Among the lines below, the one containing "KS Tools – Douille" opens the range and the one containing "H1 car headlight" closes it. Print that range exactly, without the pictures.

Records provided:
○ ○ ○ ○ ○ ○ ○

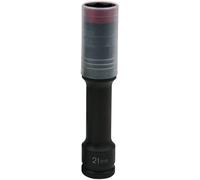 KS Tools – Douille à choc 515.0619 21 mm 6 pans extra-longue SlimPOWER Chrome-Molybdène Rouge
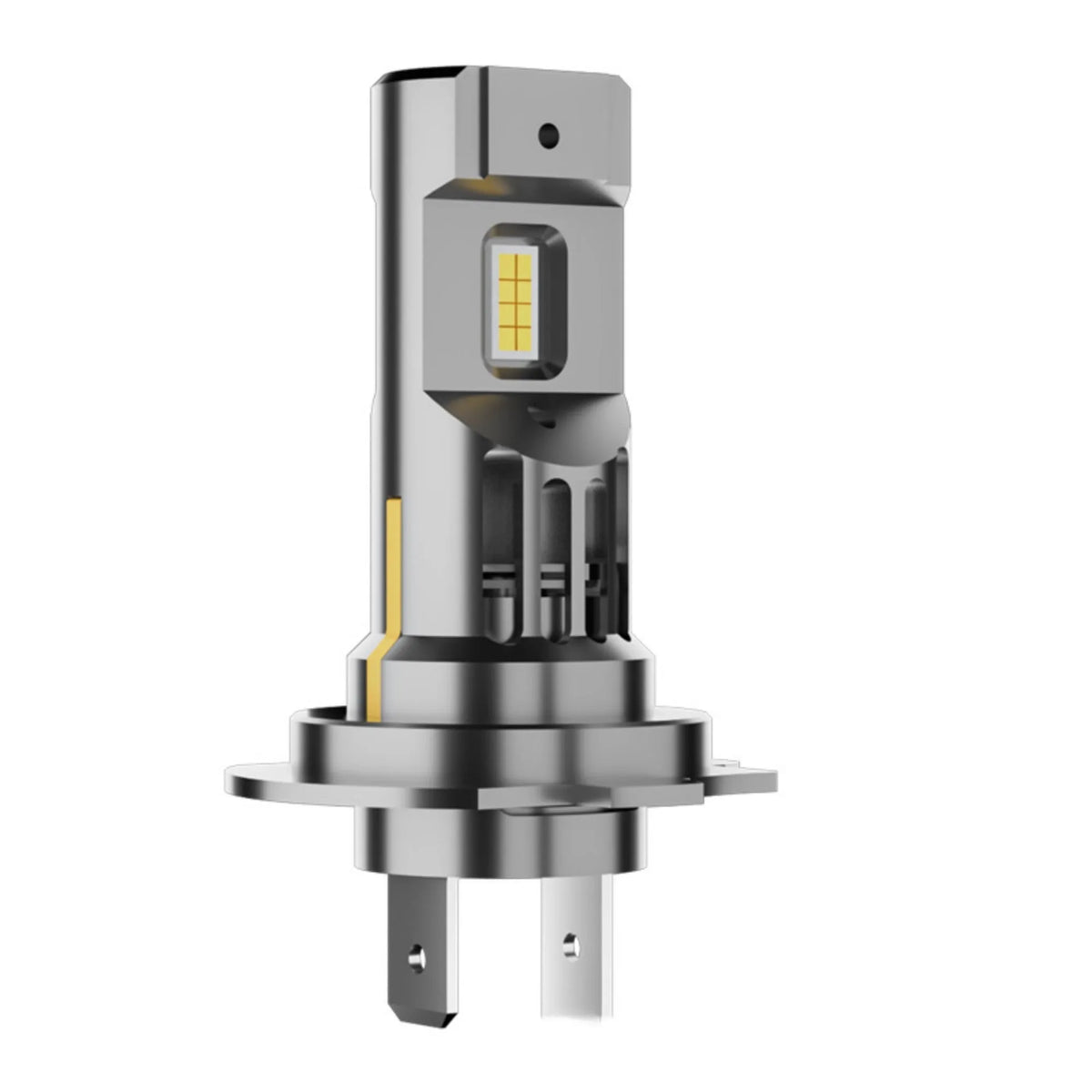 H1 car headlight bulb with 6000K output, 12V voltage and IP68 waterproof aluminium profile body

○ ○ ○ ○ ○ ○ ○

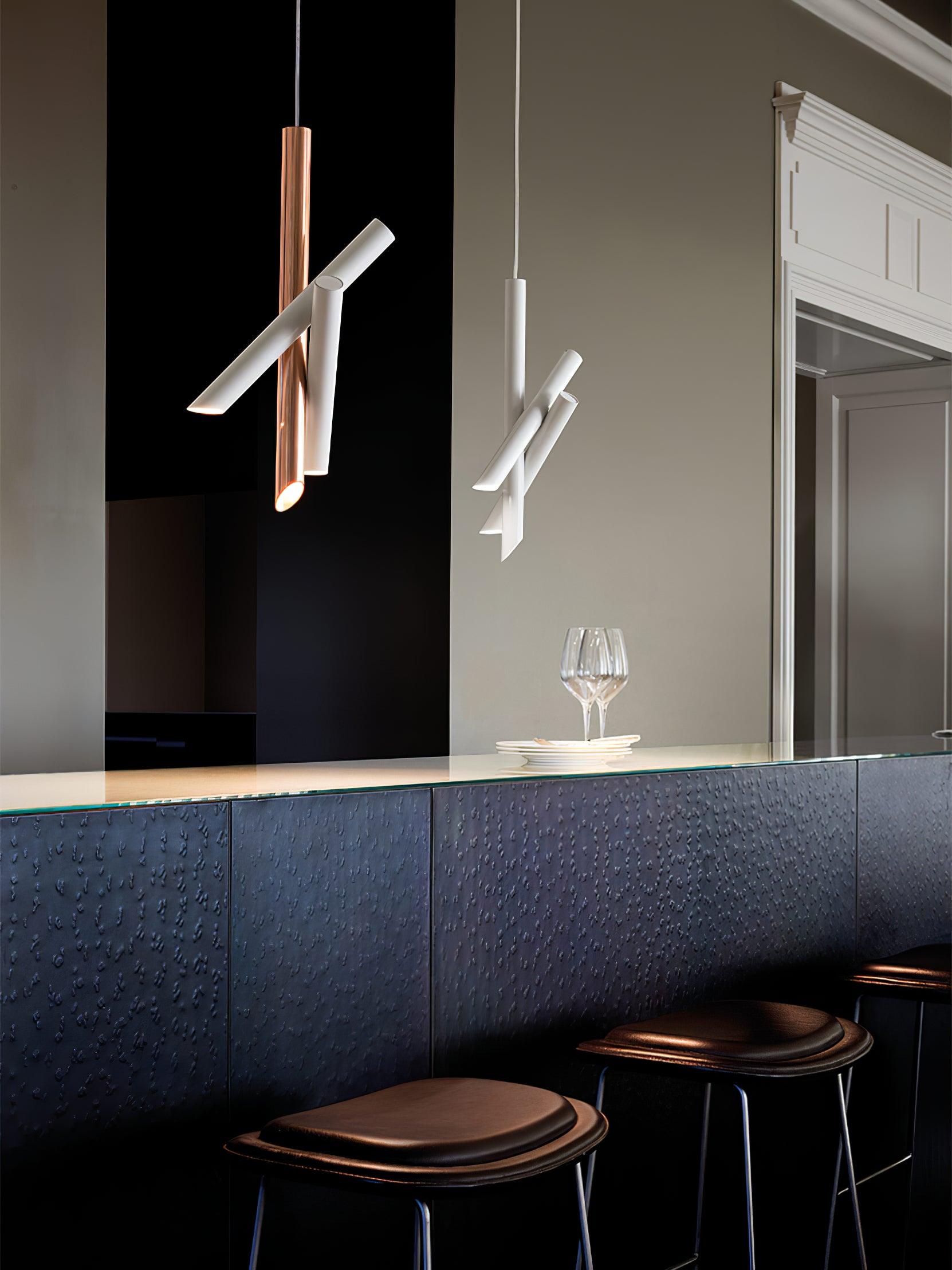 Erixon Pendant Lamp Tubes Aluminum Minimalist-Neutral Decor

○ ○ ○ ○ ○ ○ ○

Task output:
 KS Tools – Douille à choc 515.0619 21 mm 6 pans extra-longue SlimPOWER Chrome-Molybdène Rouge
 H1 car headlight bulb with 6000K output, 12V voltage and IP68 waterproof aluminium profile body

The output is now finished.